Below this line is a listing that includes pictures. Copy exactly, and only, the lines from the one containing "HP ProBook 440 G8 (2Q5285AV)" through the one containing "Boîte de chocolats personnalisée Boîte"; the pictures do not go in the copy.

> _Records shown_:
--- START ---
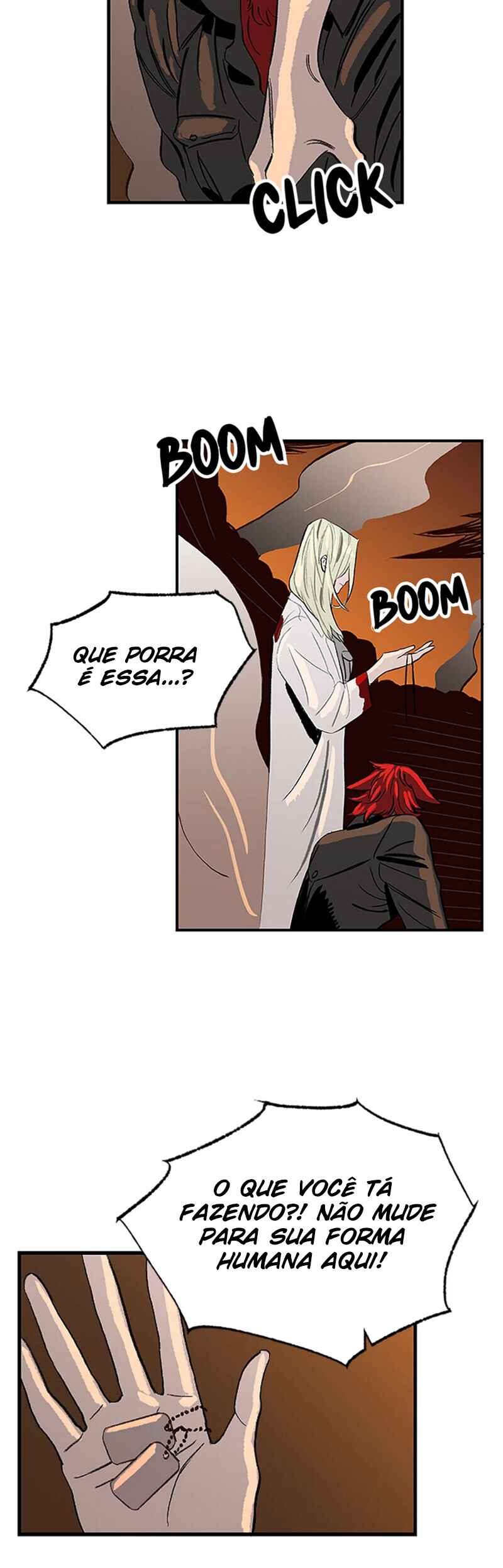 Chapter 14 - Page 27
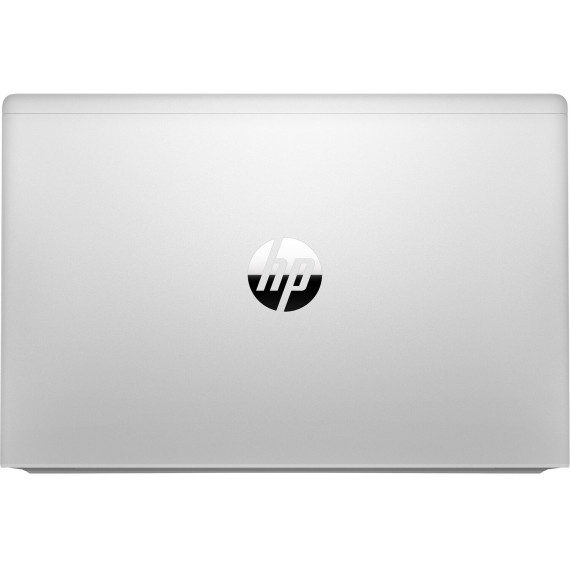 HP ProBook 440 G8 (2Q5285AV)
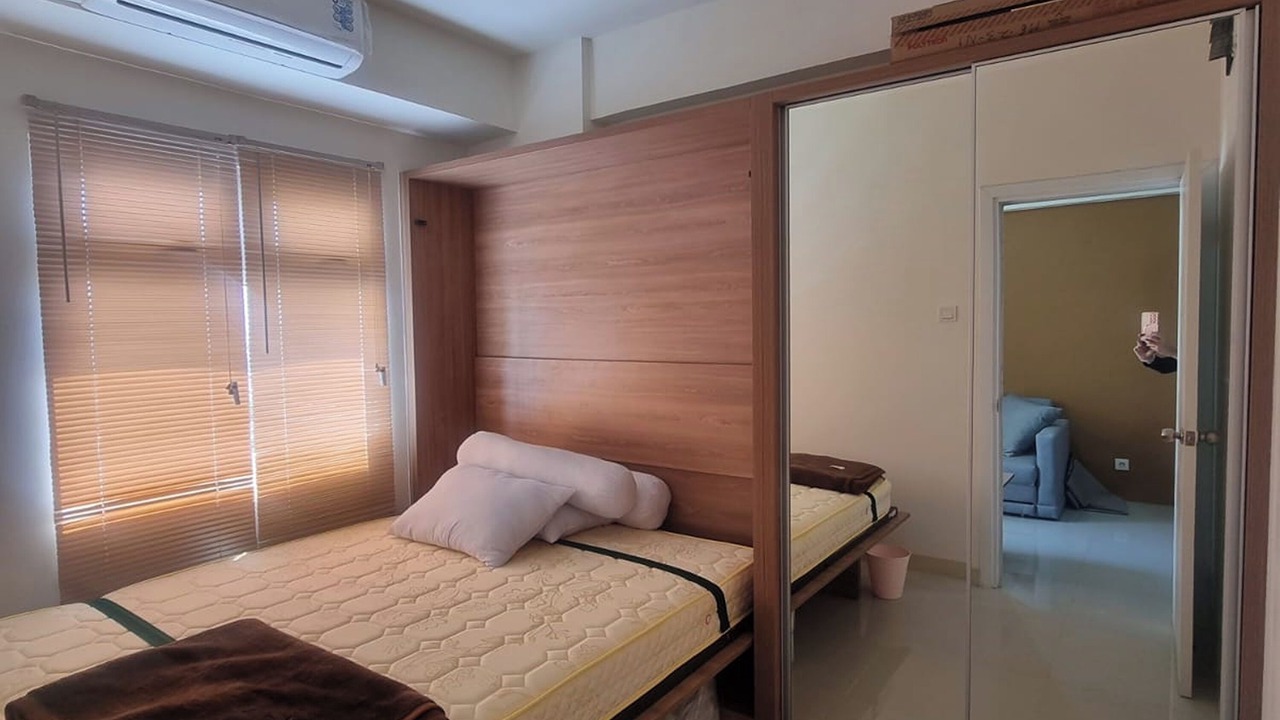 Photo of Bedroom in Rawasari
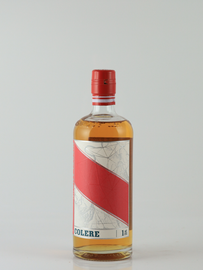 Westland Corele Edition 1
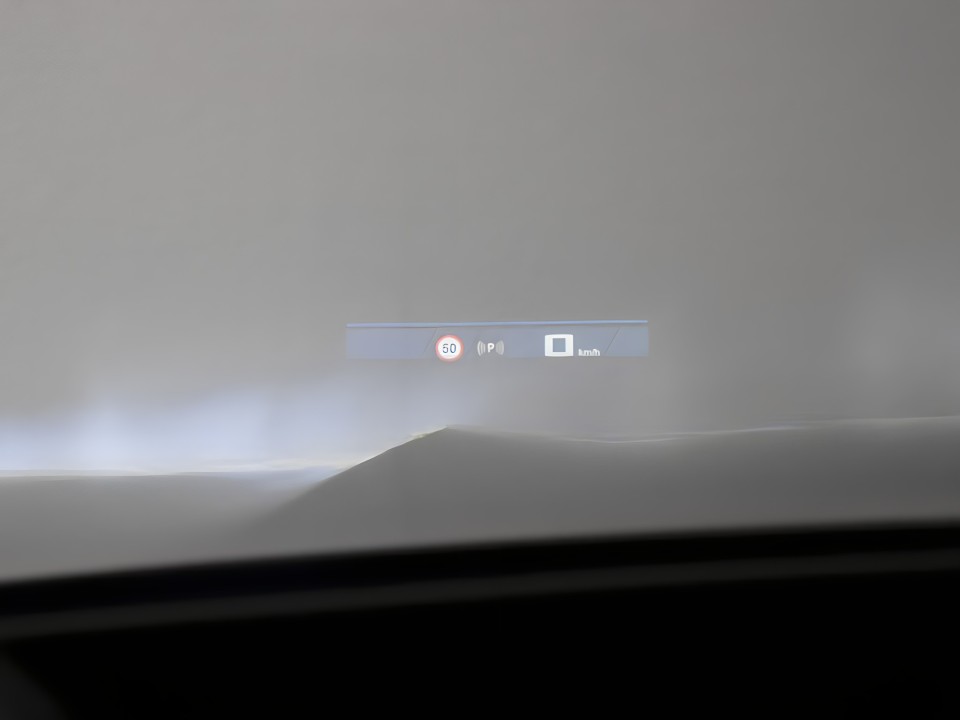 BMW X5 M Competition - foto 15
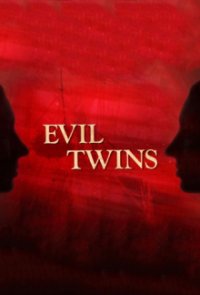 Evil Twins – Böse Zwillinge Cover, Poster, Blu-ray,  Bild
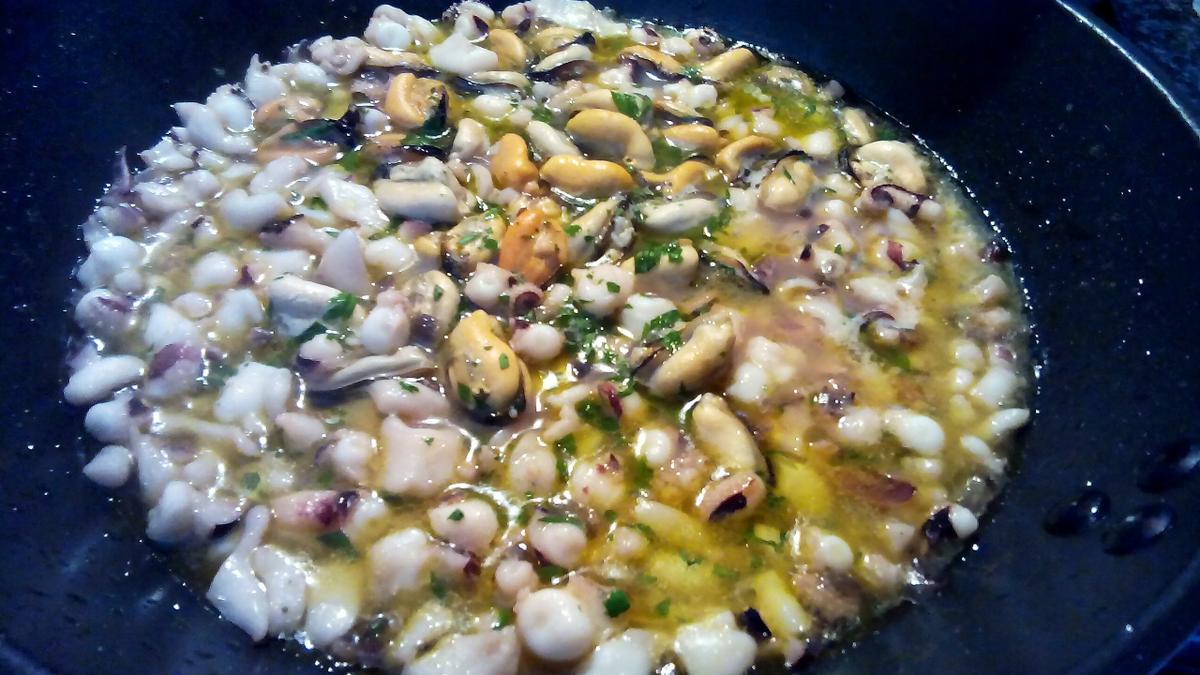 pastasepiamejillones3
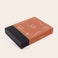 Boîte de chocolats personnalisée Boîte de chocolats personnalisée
--- END ---
--- START ---
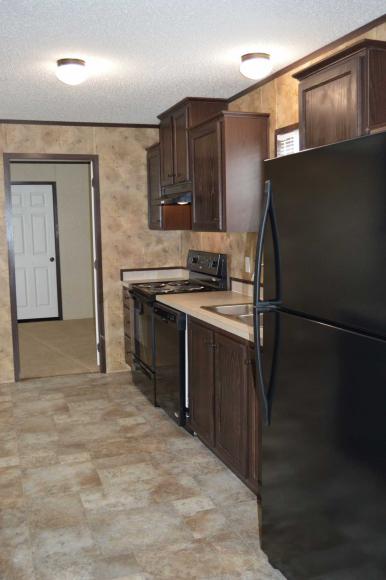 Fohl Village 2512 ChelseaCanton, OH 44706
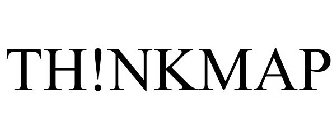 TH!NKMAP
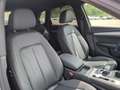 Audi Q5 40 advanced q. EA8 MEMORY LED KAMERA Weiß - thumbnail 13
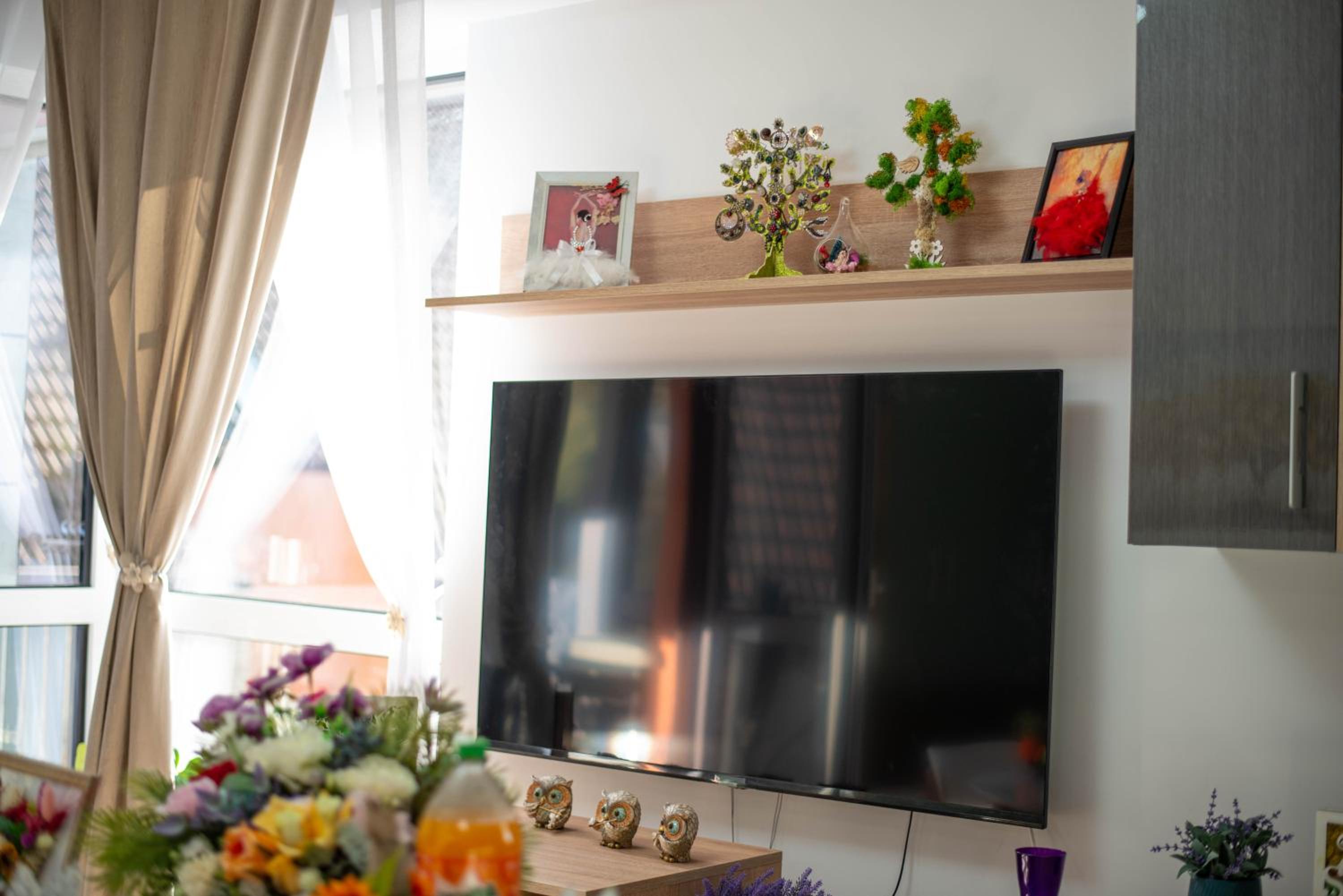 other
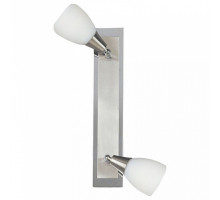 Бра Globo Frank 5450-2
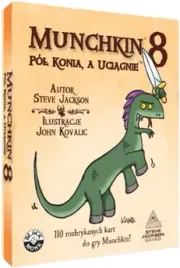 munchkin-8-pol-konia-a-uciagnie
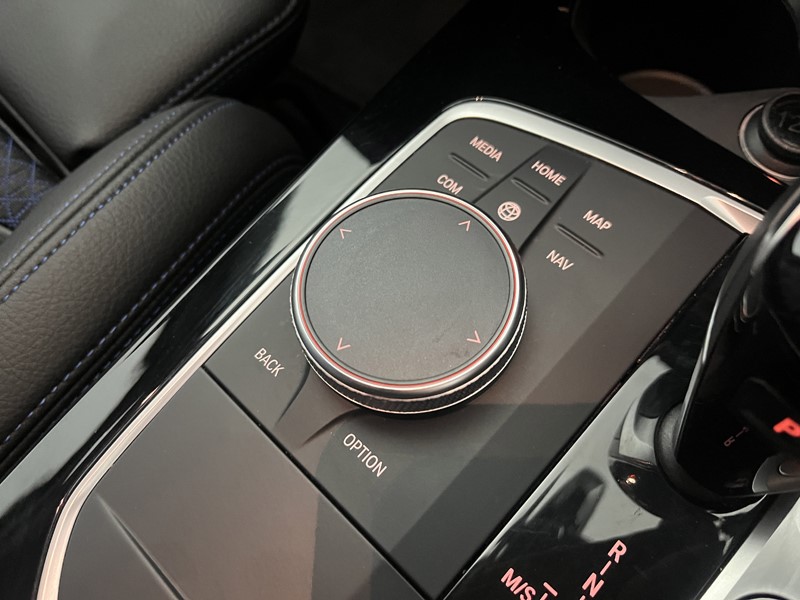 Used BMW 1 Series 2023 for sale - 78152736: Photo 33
--- END ---
--- START ---
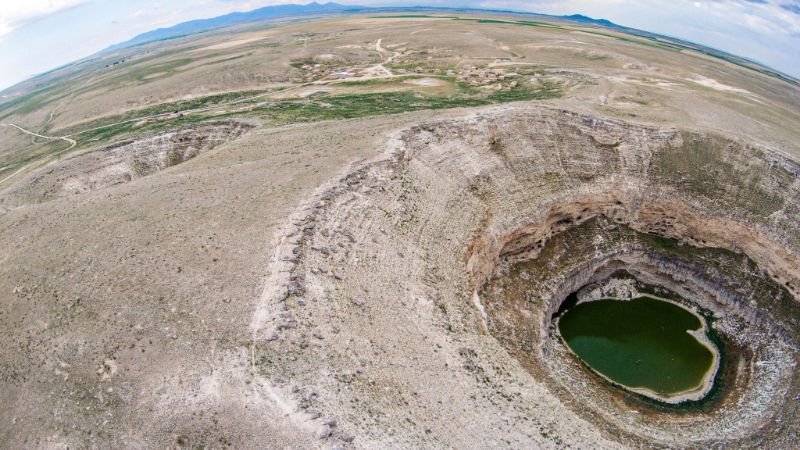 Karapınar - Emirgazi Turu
--- END ---
> _Result of this task_:
 HP ProBook 440 G8 (2Q5285AV)
 Photo of Bedroom in Rawasari
 Westland Corele Edition 1
 BMW X5 M Competition - foto 15
 Evil Twins – Böse Zwillinge Cover, Poster, Blu-ray,  Bild
 pastasepiamejillones3
 Boîte de chocolats personnalisée Boîte de chocolats personnalisée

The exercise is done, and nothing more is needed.